Ahora bien, analizando el asunto objeto de tutela, considera esta Corporación que la protección suplicada no está llamada a ser concedida, como quiera que amén de lo manifestado por el fallador constitucional en la decisión impugnada, no se observa que el despacho judicial haya actuado de manera negligente, ni que en su decisión haya olvidado cumplir con el deber de análisis de las realidades fácticas y jurídicas sometidas a su criterio, siempre dentro del marco de autonomía y competencia que le es otorgada por la Constitución y la Ley.

En efecto, se observa que la determinación de negar el amparo constitucional invocado, obedece a que no encontró la Sala Civil de ésta Corporación yerro alguno cometido por el Tribunal accionado, no obstante no comparta la Sala accionada el criterio que aplicó al caso en estudio, pues determinó que el Tribunal realizó un análisis arraigado en argumentos que consultaron reglas mínimas de razonabilidad jurídica y que sin lugar a dudas obedecieron a la labor hermenéutica propia del luez, sin que sea dable entonces al actor recurrir al uso de este mecanismo preferente y sumario como si se tratase de una tercera instancia a la cual puedan acudir los administrados a efectos de debatir de nuevo sus tesis jurídicas y probatorias sobre un determinado asunto, que en su momento fue sometido a los ritos propios de una actuación judicial, con el único fin de conseguir el resultado procesal que le fue esquivo en su oportunidad legal.

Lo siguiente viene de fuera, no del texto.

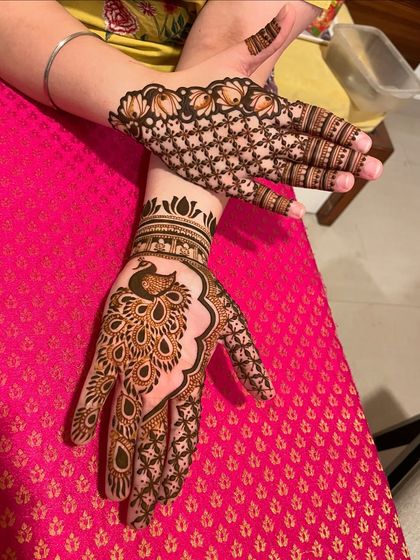 A playful design with a large peacock on one hand and a net pattern on the other.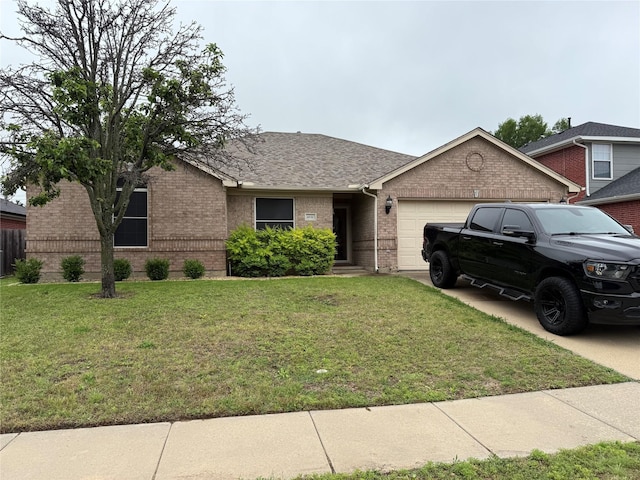 ranch-style house featuring a garage, a front yard, brick siding, a shingled roof, and driveway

En mérito de lo expuesto, la Corte Suprema de Justicia, Sala de Casación Laboral, administrando justicia en nombre de la República de Colombia y por autoridad de la ley, RESUELVE 1-. CONFIRMAR el fallo de tutela proferido por la SALA DE CASACION CIVIL DE LA CORTE SUPREMA DE JUSTICIA el 2 de mayo de 2008, dentro de la acción instaurada por LUIS ALBERTO ENRIQUEZ BUCHELI y MILLERLADY GARCES MARTINEZ contra la SALA DE DECISIÓN CIVIL DEL TRIBUNAL SUPERIOR de CALI. 2-.

COMUNICAR a los interesados en la forma prevista por el artículo 30 del Decreto 2591 de 1991. 3-. ENVIAR el expediente a la Corte Constitucional para su eventual revisión.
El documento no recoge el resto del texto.